Assignment:
In the records below, find the line with "Y2K Zebra Tube" and repeat exactly every line from it through the line with "Windbreaker For Men". Pictures stay out.

Records for processing:
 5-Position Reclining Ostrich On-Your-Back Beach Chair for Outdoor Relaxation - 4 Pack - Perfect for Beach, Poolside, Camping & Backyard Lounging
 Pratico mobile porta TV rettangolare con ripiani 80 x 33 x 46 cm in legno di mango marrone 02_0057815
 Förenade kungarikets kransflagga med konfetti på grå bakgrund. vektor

* * *

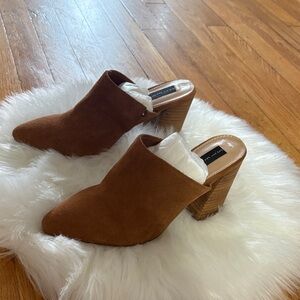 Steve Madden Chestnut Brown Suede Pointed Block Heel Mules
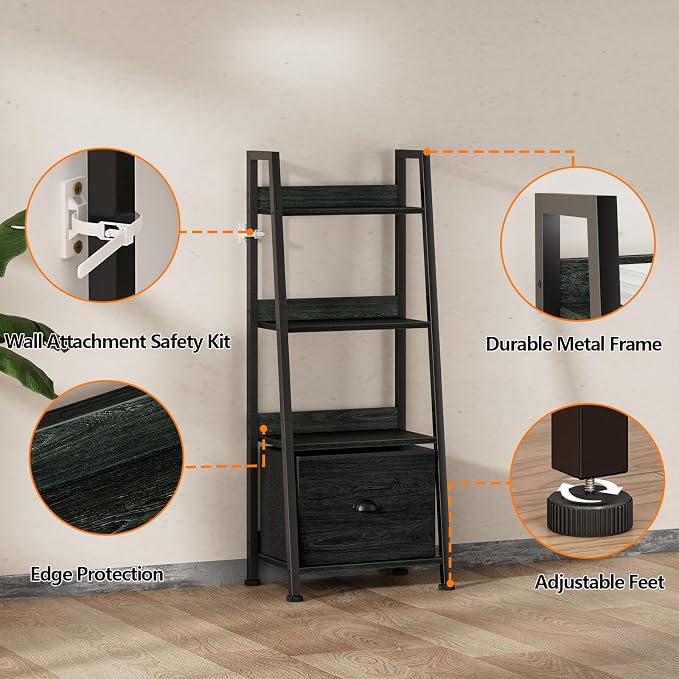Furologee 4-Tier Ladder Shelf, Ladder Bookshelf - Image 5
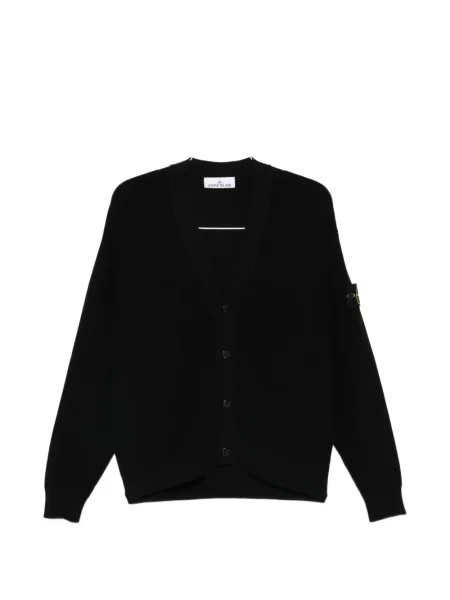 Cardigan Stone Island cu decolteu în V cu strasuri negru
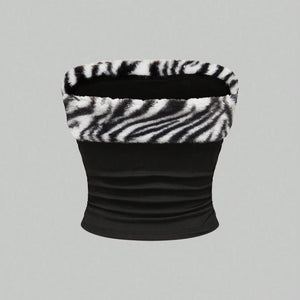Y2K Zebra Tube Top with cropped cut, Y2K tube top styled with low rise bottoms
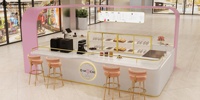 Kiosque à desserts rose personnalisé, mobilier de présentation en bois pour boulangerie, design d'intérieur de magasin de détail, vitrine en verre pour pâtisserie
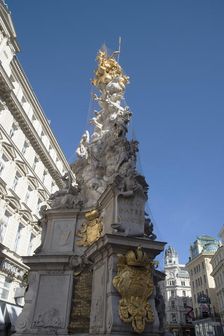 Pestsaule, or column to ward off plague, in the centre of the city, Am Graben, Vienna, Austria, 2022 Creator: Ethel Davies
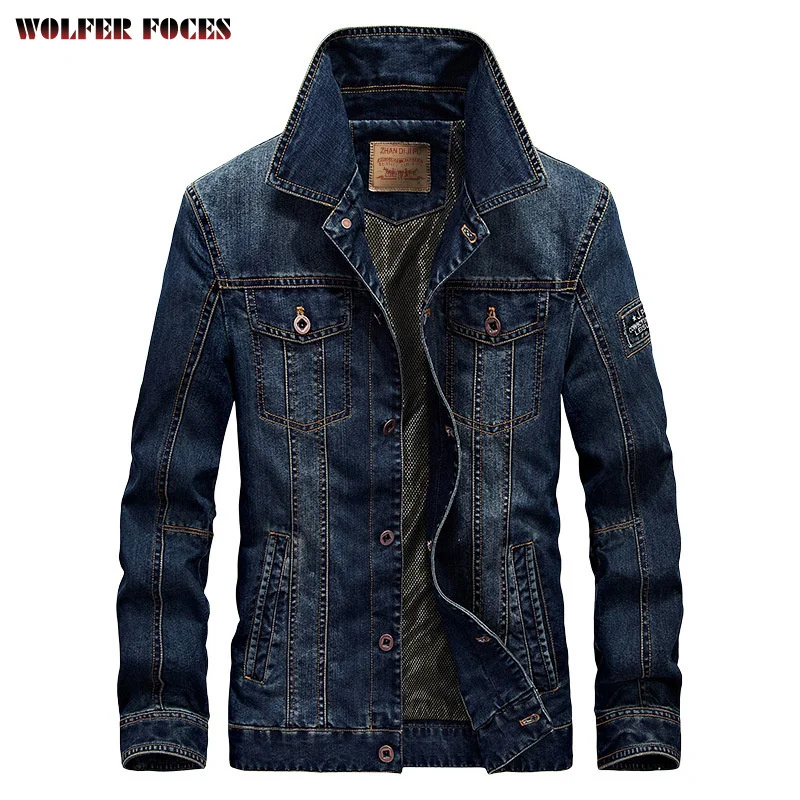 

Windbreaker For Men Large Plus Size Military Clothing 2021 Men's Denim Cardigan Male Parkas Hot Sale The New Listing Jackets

Answer for the task:
Y2K Zebra Tube Top with cropped cut, Y2K tube top styled with low rise bottoms
 Kiosque à desserts rose personnalisé, mobilier de présentation en bois pour boulangerie, design d'intérieur de magasin de détail, vitrine en verre pour pâtisserie
 Pestsaule, or column to ward off plague, in the centre of the city, Am Graben, Vienna, Austria, 2022 Creator: Ethel Davies

Windbreaker For Men Large Plus Size Military Clothing 2021 Men's Denim Cardigan Male Parkas Hot Sale The New Listing Jackets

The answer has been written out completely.